The thing is, I don’t necessarily know that “real women” are clamoring to multitask their sexual fantasies with tending to their baby’s gastroesphageal reflux. It seems like an overly dramatic transformation for female sexuality to go from depersonalized, fake-orgasmic sleaze to an episode of the Teletubbies. There appears to be a disturbing Mars/Venus polarity at work here: it’s either crass, male-centric hardcore or a cutesy, saccharine sexuality that is puerile to the point of seeming deranged.
For example, the store apparently displays condoms in candy jars and provides a workshop called “Creative Sex with Ducky Doolittle” (yes, apparently this is a real human adult, but still). A waterproof vibrator called the “I Rub My Ducky”, which is described as “as discreet as he is adorable”. Even the Muppets are involved in their marketing: “Why won’t Ernie get out of the bath? Because he’s got I Rub My Ducky!”

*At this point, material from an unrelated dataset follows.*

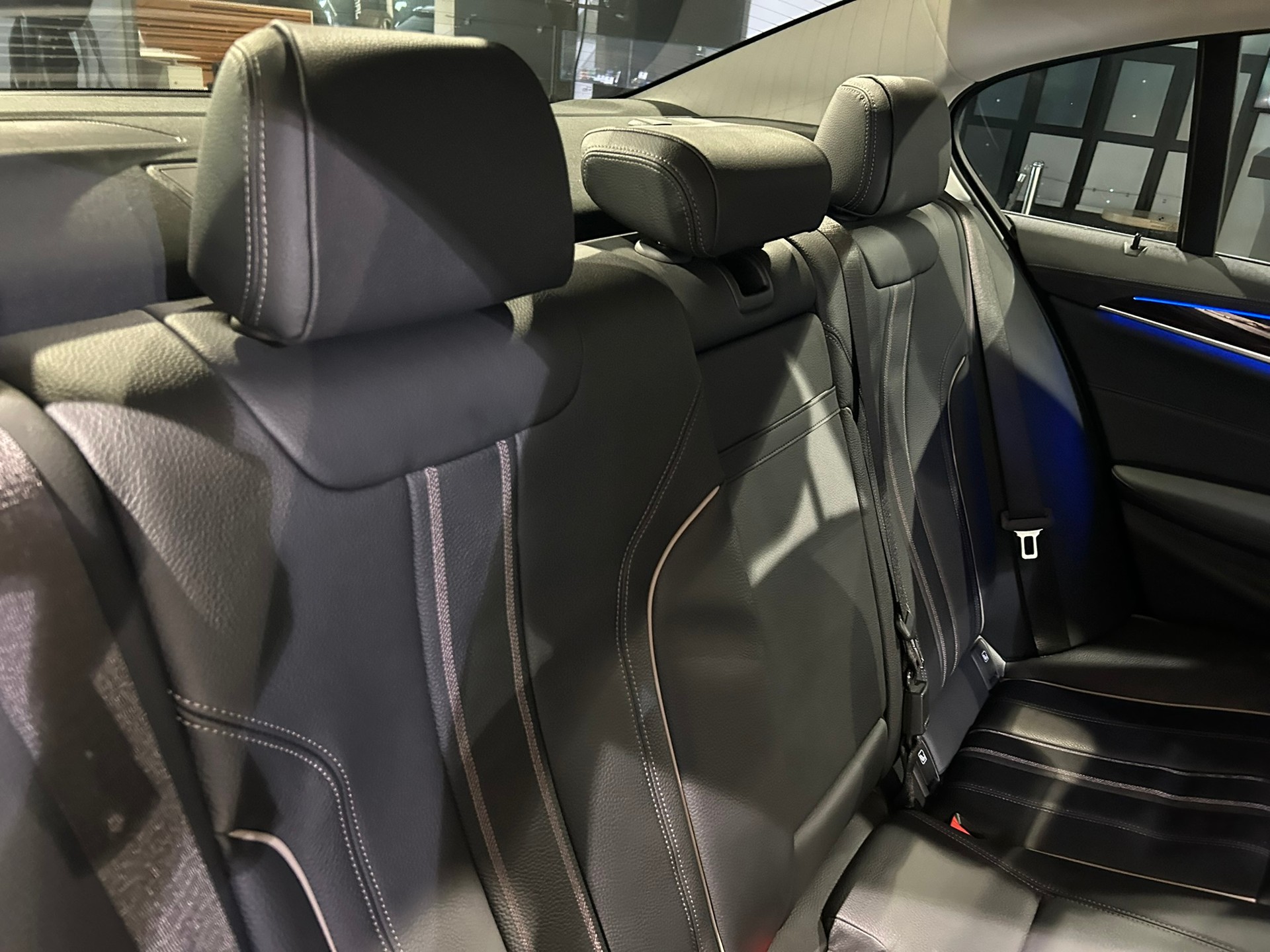 BMW 520d xDrive 48V Luxury Line Steptronic-image-26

The assumption that women with children regress sexually to pre-K levels is one that I find disturbing, and hopefully erroneous. I have many friends and relatives with kids, and I get the impression that when the lights go out, they want to leave Sesame Street as far behind as they can. They’re not looking to be Dora the Sexual Explorer under the covers either, thank you very much.
I also can’t help but marvel at the potential logistical problems inherent to a kid-friendly sex store. It’s bound to invite all kinds of etiquette problems and blurred lines of conduct. Breast-feeding, for example, could easily take on a different, much more icky vibe in such a store. Any anthropomorphized vibrators (which I’ve never quite understood anyway, but to each his/her own) could easily be misunderstood and subsequently misused by the little ones who have not yet learned to share their toys. Plus, there’s always the possibility of those “eccentric”, potentially undesirable store patrons who might not match the ideal IKEA profile the store seems to be courting. Can such (ahem) “consumers” – and in all fairness, should they – be kept out of such a store?
I read a quote from the owner of the store, discussing a former customer whose particular predilection was to come to the store “dressed as an infant wearing a cloth diaper, sucking on a pacifier and clutching a rattle.” How perfect! In a setting with diaper-changing stations available, would this customer demand to be changed? And in such a setting, wouldn’t he have the right to ask?
I suppose it could be said that a store of this kind fosters open, healthy dialogue about sex between parents and kids. I’m certainly not suggesting that children ought to be sexually repressed or shamed, or that they shouldn’t be educated about sex in an open and healthy manner. But really, this isn’t about the sexual education of children. This is about dragging children into the sexual world of adults, a convergence most societies generally try to avoid. Sure, kids should be able to learn about sex without stigma or humiliation. I just don’t think junior needs to accompany mommy when she shops for a dildo-and-harness kit.
The way I see it, kid-friendliness is now well on its way to taking over ever last bastion of that mystery once known as “adulthood”. Will kid-friendliness finally absorb adulthood once and for all, leaving us all in a perpetual pseudo-childhood? And what about the young recipients of all of this “friendliness?” I can’t help but wonder what they’ll grow up to be like.